Love and Faith (1978) de Kei Kumai: ***
Ogin-sama, título original que tem como subtítulo Love and Faith (amor e fé: duas emoções subjectivas capazes de descrever o conturbado período Sengoku), foi a primeira de duas obras kumaianas livremente inspiradas na escorregadia diplomacia do século XVI, remetendo sempre para duas figuras incontornáveis: Toyotomi Hideyoshi, o feroz unificador do Japão e o mestre de chá e seu conselheiro espiritual, Sen no Rikyu. Ao contrário do posterior Death of a Tea Master que examinava com tiques de policial essas duas personalidades históricas e o fim trágico que se abateu no final da sua relação, Love and Faith escalpeliza com pormenor as convulsões dessa era politicamente dividida e contrabalança as inclinações arrogantemente autocráticas de Toyotomi com um amor proibido entre Ogin, filha do mestre de chá, e Ukon, um nobre recentemente convertido que vê banida a sua religião, o cristianismo. Relato de uma era instável dilacerada entre a recusa e a aceitação dos descobrimentos europeus, Love and Faith explora, portanto, a duas velocidades, por um lado, o rumo público de uma liderança expansionista, verdadeiramente dominada com pulso de ferro (Toyotomi interpretado pelo carismático Toshiro Mifune encarna bem o lema dos grandes ditadores: "quem não está a favor, está contra") e, por outro, a força privada de uma mulher incapaz de se vergar perante a autoridade, afirmando o seu amor e a sua honra até às últimas consequências. Podemos mesmo dizer que Ogin desempenha aqui um Sen no Rikyu feminino, no sentido em que a tenacidade e a perenidade dos seus valores não encontram barreiras ou constrangimentos e o avanço da sua vontade (até à morte) surge como a maior das ousadias. Basta, portanto, ver quem assinou o argumento para levantar o véu da dúvida: o mizoguchiano Yoshitaka Yoda que aqui fala outra vez de uma mulher maior do que a história, afogada no sacrifício da sua teimosia feminina. Um retrato mizoguchiano sem Mizoguchi.

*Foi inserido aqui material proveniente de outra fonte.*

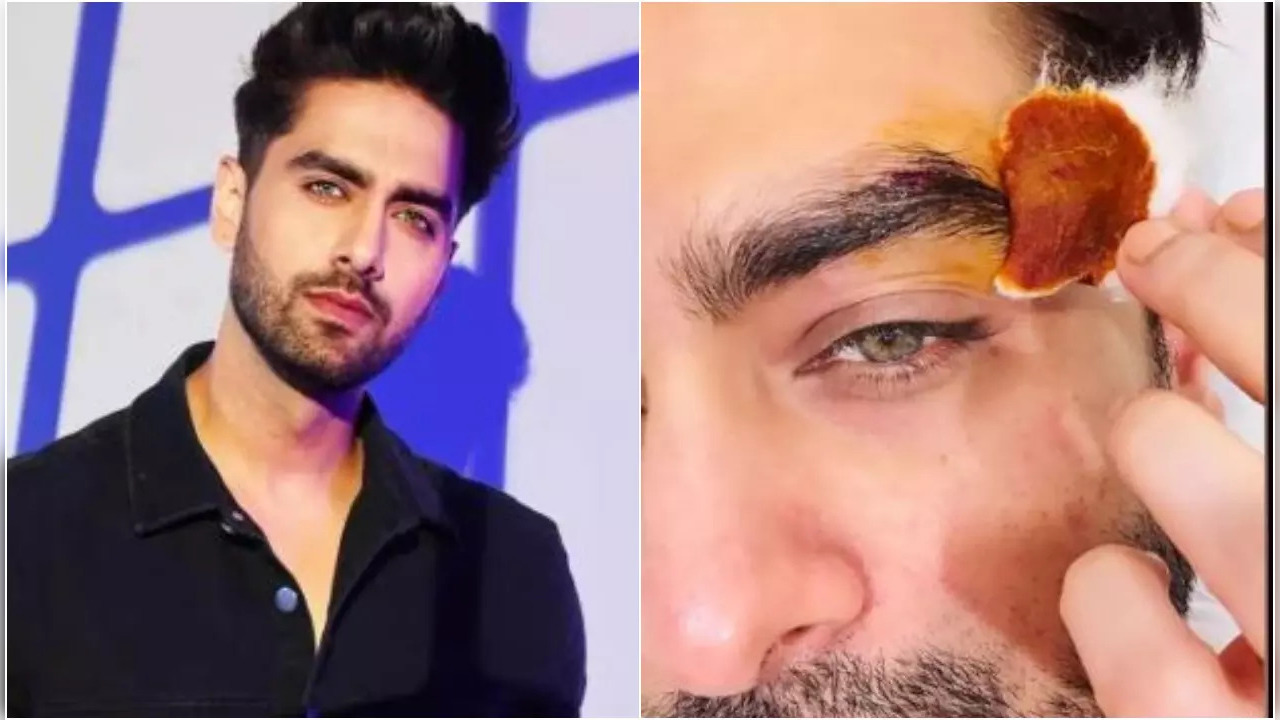 Yeh Rishta Kya Kehlata Hai Actor Rohit Purohit Suffers Eye Injury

The Killing Game (1978) de Toru Murakawa: ****
De lentes embaciadas, Shohei Narumi fuma um cigarro noturno frente à janela da sua próxima vítima. Por esta altura já conhecemos o sangue assassino que corre nas veias do incrível hitman e a missão que abre esplendidamente The Killing Game não podia ser mais emblemática do silêncio duro que caracteriza o seu método imperdoável. Depois de matar friamente o alvo pretendido usando a secretária e presumível amante deste como escudo, Narumi prepara-se para se desfazer da única testemunha daquele assassinato junto às docas desertas e azuis da aurora. "Na cabeça não", diz-lhe a viúva quando vê o revólver apontado ao seu cérebro; "eu quero morrer bela". Talvez surpreendido pelo eco misterioso dessas palavras o atirador baixa a arma e poupa a vida daquela mulher fatal que sabe demasiado e seguramente virá a causar-lhe problemas no futuro e assim acontece cinco anos depois num jogo letal entre a falsa irmandade de dois gangues, sedentos pela mútua anulação e conquista. No segundo capítulo da Trilogia Game, Yusaku Matsuda inclusivamente dá uma de Toshiro Mifune e replica por breves momentos o papel famoso de Yojimbo, armadilhando duplamente quem o contrata e complicando as coordenadas de ambas as facções de mafiosos, como quem não quer a coisa. Mas, se na película de Akira Kurosawa a tensão de ser descoberto e a astúcia do protagonista eram o segredo do seu sucesso, em The Killing Game rapidamente as máscaras caem e o caos descontrolado se origina. Nessa altura, percebemos outra vez como é despretensioso o estilo de Toru Murakawa já que a mestria e total controlo dos seus planos é digna de estudo atento mas facilmente poderá ficar dissolvida nas idiossincrasias mais comuns de um filme de acção. São, portanto, as imagens que nos resgatam, é a presença inclassificável do cativante Yusaku Matsuda que nos põe a aplaudir de pé, é portanto o segmento final que fecha o círculo. Nessa despedida sangrenta da mulher reencontrada (absurda e à margem de estudos de personagem), nessa orgia de violência filmada num só take e que é, sem exageros, das cenas de acção mais marcantes e mais inesquecíveis do cinema japonês.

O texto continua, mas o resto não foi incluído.